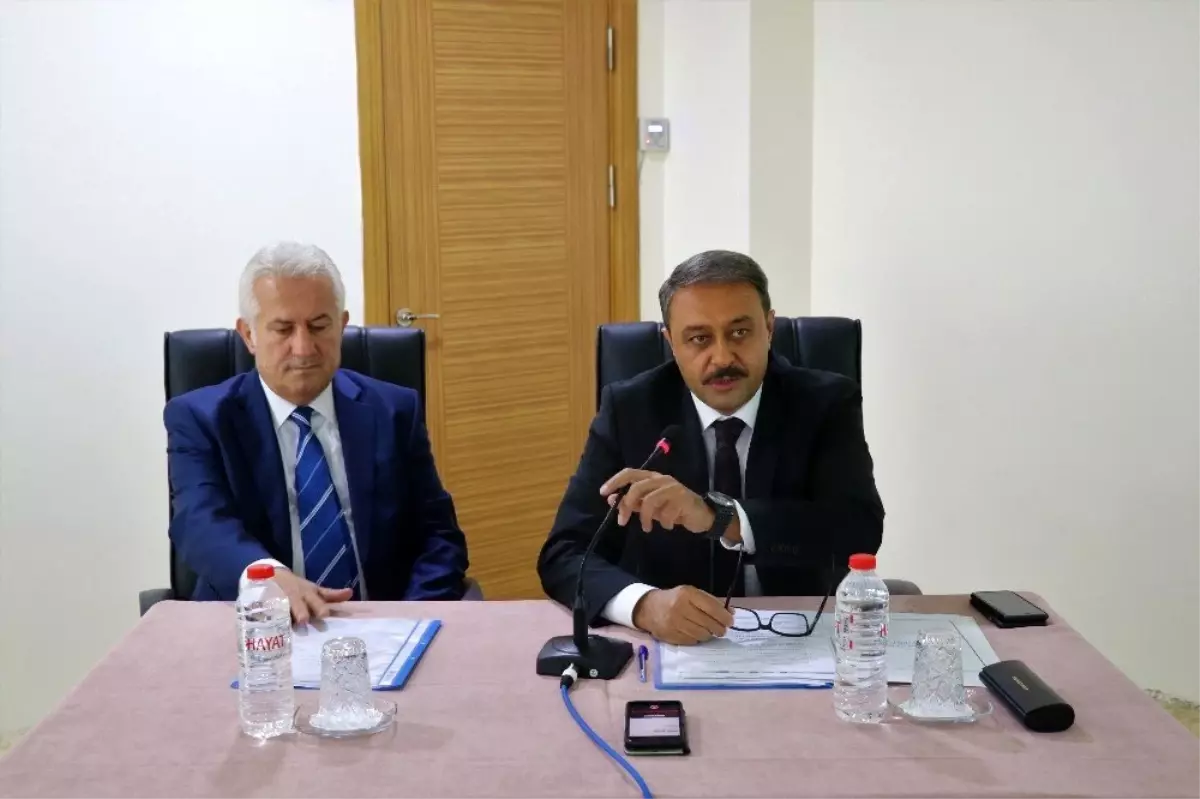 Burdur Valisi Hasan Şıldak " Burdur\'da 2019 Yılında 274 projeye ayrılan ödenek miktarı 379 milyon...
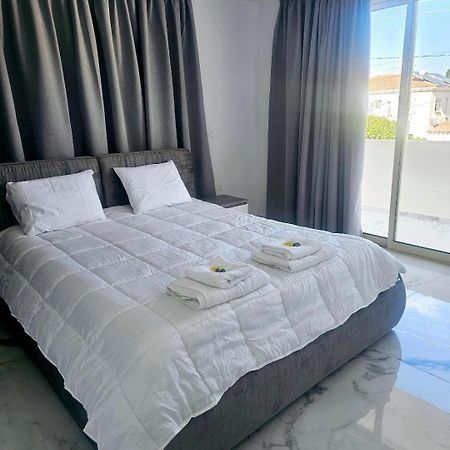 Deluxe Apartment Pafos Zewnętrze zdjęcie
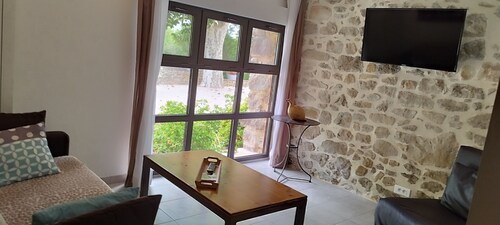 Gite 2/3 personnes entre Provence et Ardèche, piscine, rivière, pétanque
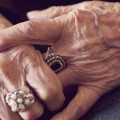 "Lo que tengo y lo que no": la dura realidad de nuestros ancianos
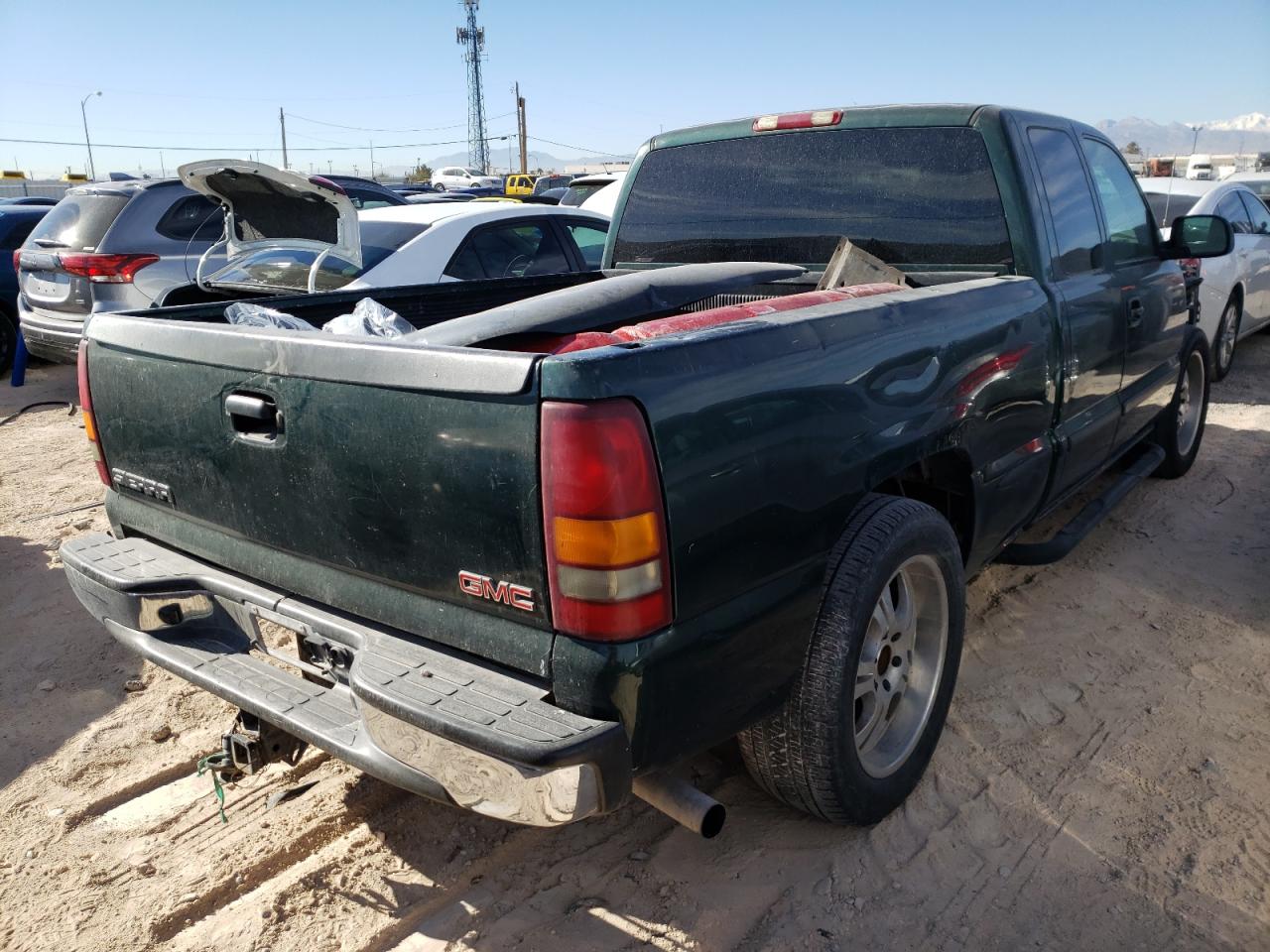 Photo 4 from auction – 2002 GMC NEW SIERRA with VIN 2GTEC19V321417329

_WORK INSTRUCTION_.
The job here is to write out the records exactly, pictures excluded.

_EXPECTED ANSWER_.
 Burdur Valisi Hasan Şıldak " Burdur\'da 2019 Yılında 274 projeye ayrılan ödenek miktarı 379 milyon...
 Deluxe Apartment Pafos Zewnętrze zdjęcie
 Gite 2/3 personnes entre Provence et Ardèche, piscine, rivière, pétanque
 "Lo que tengo y lo que no": la dura realidad de nuestros ancianos
 Photo 4 from auction – 2002 GMC NEW SIERRA with VIN 2GTEC19V321417329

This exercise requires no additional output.